On March 27, 2019, I'll be directing an invited seminar for PhD researchers at Ghent University in Belgium. The seminar is called "Law and Ecology: Literary and Philosophical Perspectives." Here's what we'll be thinking about:

The Anglo-American legal tradition is fundamentally anthropocentric and individualist. As the legal philosopher Desmond Manderson observes, criminal law, contract law, property law, and even constitutional law all start “with the assumed primacy of ‘I’,” the “I” which is independent and autonomous, born with a set of natural, unassailable rights to life, liberty, and property. Both Thomas Hobbes and John Locke believed that humans were by nature independent and self-governing and that the first and most basic duty of any legal system should be to protect this primary freedom. This basic acceptance of the primacy of the “I” persists in the most influential legal thought of our own time, too, linking together the otherwise very different work of theorists from John Rawls to Robert Nozick and Ernst Weinrib.

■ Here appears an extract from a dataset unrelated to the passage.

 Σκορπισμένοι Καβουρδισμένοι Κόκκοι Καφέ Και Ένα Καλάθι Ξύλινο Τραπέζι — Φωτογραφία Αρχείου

In this seminar, we will push back against this tradition by considering how legal experience might be described in terms that don’t depend on the grammar of the “I” and the “me.” On the philosophical level, this will involve rethinking key legal concepts such as judgment, consent, responsibility, property, and personhood by placing them in a material and interspecies frame. On the political level, it will involve addressing how this philosophical re-orientation translates into new possibilities for environmental justice, including animal sovereignty, natural resource politics, sustainable citizenship, and indigenous rights. Our thinking will be guided by a selection of literary and philosophical writings.